Introduction

Completed

This module covers how to scale applications in Azure Kubernetes Service (AKS). You learn when to scale workload replicas, when to scale AKS node pools, and how to use Azure Container Instances (ACI) for burst capacity. You also see where event-driven autoscaling and node auto-provisioning fit for scenarios beyond the core exercises.

Scenario

Imagine you're a platform engineer for a retail company that runs its checkout service on AKS. During weekday lunchtimes and seasonal promotions, traffic to the checkout service can grow tenfold within minutes, while traffic at night drops to a small fraction of peak. Today, your team responds to spikes by leaving extra VM-backed nodes running around the clock, which inflates the cluster bill. During larger promotions, pods still spend several minutes in Pending while new VM-backed nodes provision, which puts checkout SLAs at risk.

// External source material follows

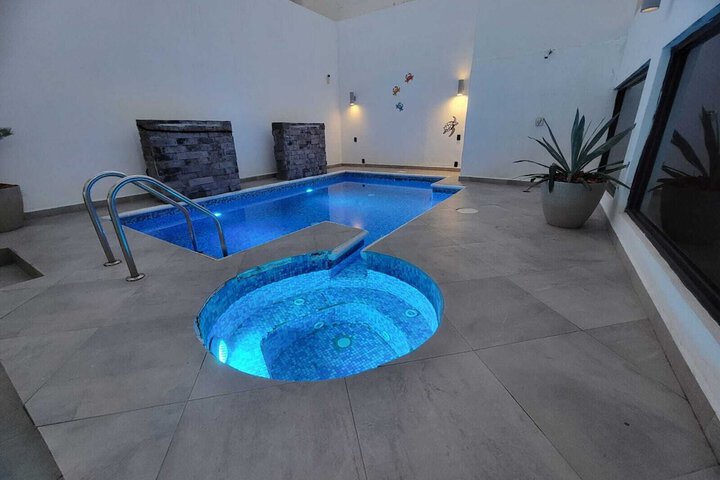 Pool 115 of 140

Your goal is to use AKS scaling features so the cluster matches demand at each layer: the right number of pod replicas for the current load, the right number of nodes to host those replicas, and a fast path for short-lived bursts that can't wait for new VM-backed nodes. This module helps you compare the available AKS scaling options and choose the right one for each scenario.

Learning objectives

After completing this module, you'll be able to:

  • Manually scale workload replicas and AKS node pools
  • Use the horizontal pod autoscaler (HPA) to scale workload replicas
  • Use the cluster autoscaler to scale AKS node pools
  • Use virtual nodes to run burst workloads in Azure Container Instances (ACI)